Nach dem Abstieg vom Turm erhielt die Gruppe Zugang zum Dachstuhl, wo sich nicht nur die mittelalterlichen Gewölbe der Kirche von oben bewundern lassen, sondern auch seit wenigen Jahren das sogenannte Marienmosaik aufgehängt ist. Es zierte ab 1870 nach dem Umbau des Daches im Sinne der Neugotik einen neugeschaffenen Giebel, musste 1968 aber entfernt werden, als das neugotische Dach aus statischen Gründen zurückgebaut wurde. Seit 2018 ist das in den zwei vorangegangenen Jahren restaurierte Mosaik wieder in einer musealen Präsentation zu sehen, die zugleich einen Eindruck von statischen und architekturalen Gegebenheiten mittelalterlicher Kirchen vermittelt. Dieser Punkt schloss das Exkursionsprogramm ab; am Nachmittag trat die Gruppe die Rückfahrt an und erreichte gegen 18.00 Uhr wieder die Stadt Würzburg.
Insgesamt hat die Exkursion einen guten Einblick in die räumliche Aufteilung einer mittelalterlichen Stadt und die Lebenswelten ihrer jüdischen wie christlichen Bevölkerung gegeben.
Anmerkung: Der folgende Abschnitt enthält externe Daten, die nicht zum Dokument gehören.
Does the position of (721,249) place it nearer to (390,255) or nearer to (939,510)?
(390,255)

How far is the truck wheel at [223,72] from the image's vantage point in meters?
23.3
Die einzigartigen Zeugnisse jüdischen Gemeindelebens, die vielfältigen Relikte der christlichen Sakraltopographie und der damit verbundene Blick auf die jeweils andere Religion konnten anschaulich vor Ort erkundet werden. Hinzu trat die übergeordnete Frage nach der musealen Aufbereitung und Darstellung historischer Inhalte, die anhand mehrerer Programmpunkte untersucht werden konnte. Der Ausflug auf die Wartburg trug hierzu seinen Teil bei und lenkte zudem den Fokus auf das Königtum Heinrich Raspes als Aspekt der Geschichte des römisch-deutschen Reiches im Mittelalter sowie auf Martin Luther. Die vielfältigen neuen Eindrücke haben die Gruppe wirklich begeistert und für viel neues Wissen gesorgt – wir blicken auf eine schöne Exkursion nach Erfurt und Umgebung zurück!